AL.com: It is going to kill people:' Alabama Indivisible protests Trumpcare with 'die-in'
Passage of the American Health Care Act would be disastrous for the residents of Alabama, according to the progressive grassroots group Alabama Indivisible.
The group held a "die-in" at Railroad Park in downtown Birmingham on Saturday. While some laid in the grass with cardboard tombstones, others passed out flyers to educate passersby on the bill, and to ask them to call their representatives in Congress.
"It is going to kill people," Shea Rives of Alabama Indivisible said, of the new bill.
He said 450 Alabamians will die if they lose their healthcare as a result of Trumpcare.
The House of Representatives voted 217-213 to repeal and replace the Affordable Care Act on May 4. All of Alabama's Republican representatives voted for the bill.
Saturday's "die-in" was the third for the group this week. They held one at U.S. Rep. Gary Palmer's Birmingham office and his office in Oneonta.
Jamal Austin, 19, of Birmingham, said he will research the new health care bill after speaking with volunteers from the group.
"This seems like an effective way to raise attention," he said the "die-in," which he called morbid.
Under the new bill, people with preexisting conditions who experience lapses in coverage will pay more in states that opt out of Obamacare regulations.
Before Obamacare, insurance companies could charge customers more based on health status. The Affordable Care Act prohibited companies from charging higher premiums to customers with preexisting conditions.
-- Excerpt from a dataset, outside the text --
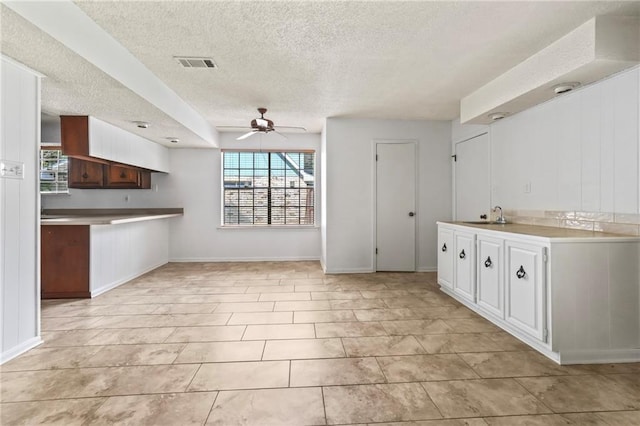 kitchen with sink, a textured ceiling, ceiling fan, white cabinets, and light tile patterned floors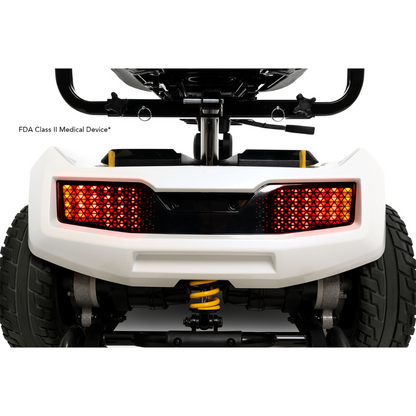 Rear view of the Pride Mobility Zero Turn 10 HD Scooter displaying illuminated red tail lights, large tires, a white bumper, and visible suspension components.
To offset the costs of providing care to more expensive customers, the law required everyone to purchase insurance.
The GOP's American Health Care Act does away with the individual mandate and replaces it with a penalty on those who experience a lapse in coverage.
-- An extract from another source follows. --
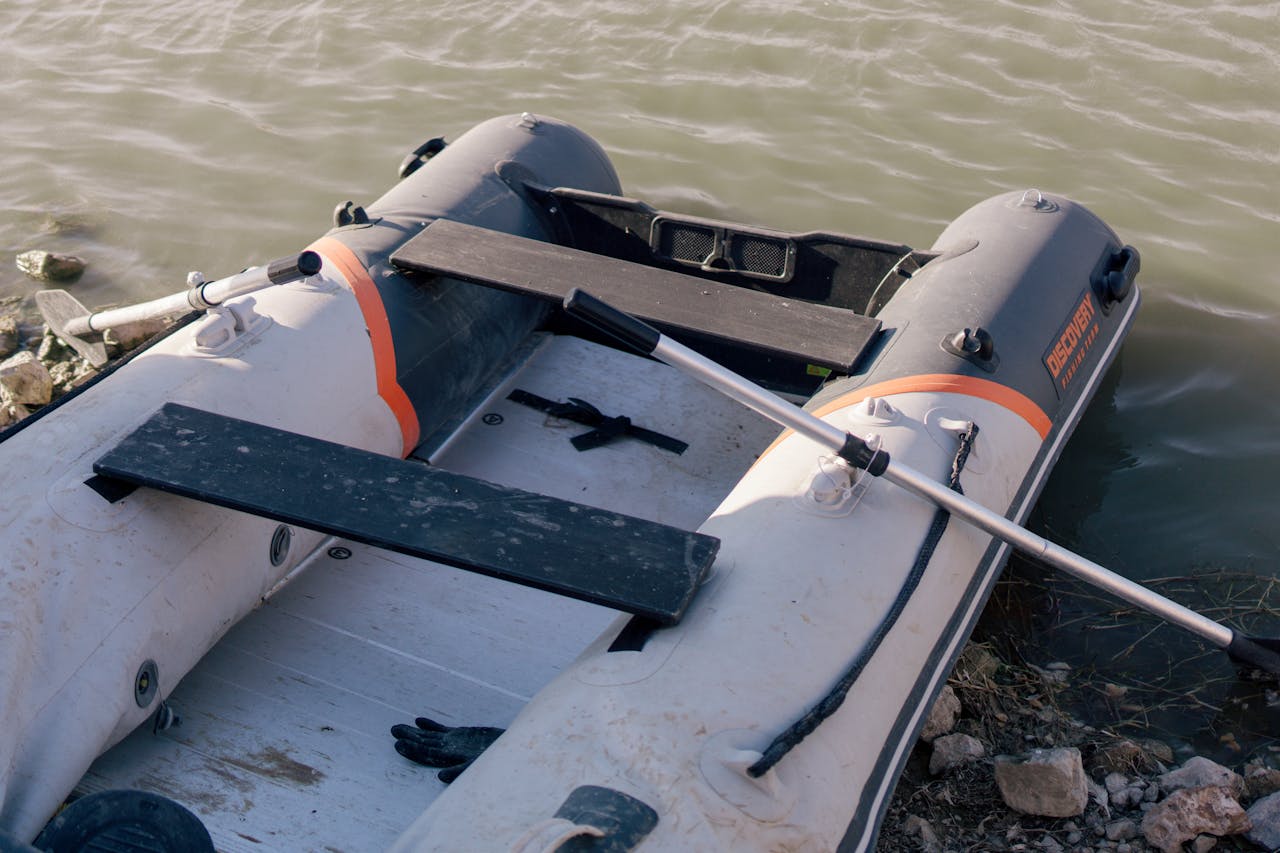 heros-img An inflatable boat with a paddle rests by the lakeside, ready for adventure.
Also, under the new bill states could opt for waivers that allow higher charges for some customers with preexisting health conditions and exemptions from essential health benefits such as maternity care and mental health coverage.
According to Alabama Indivisible, the legislation was rushed through the House, with no input from healthcare professionals, in back-room, closed-door sessions, and with the final version of the bill becoming available for review only hours before it was voted on.
The group said the intent of the die-in was to "voice our displeasure with Alabama's Congressional delegation for their cynical votes and the intentional deception of their constituents, and to educate the people of Alabama about the horrific effects this bill will have if it becomes law."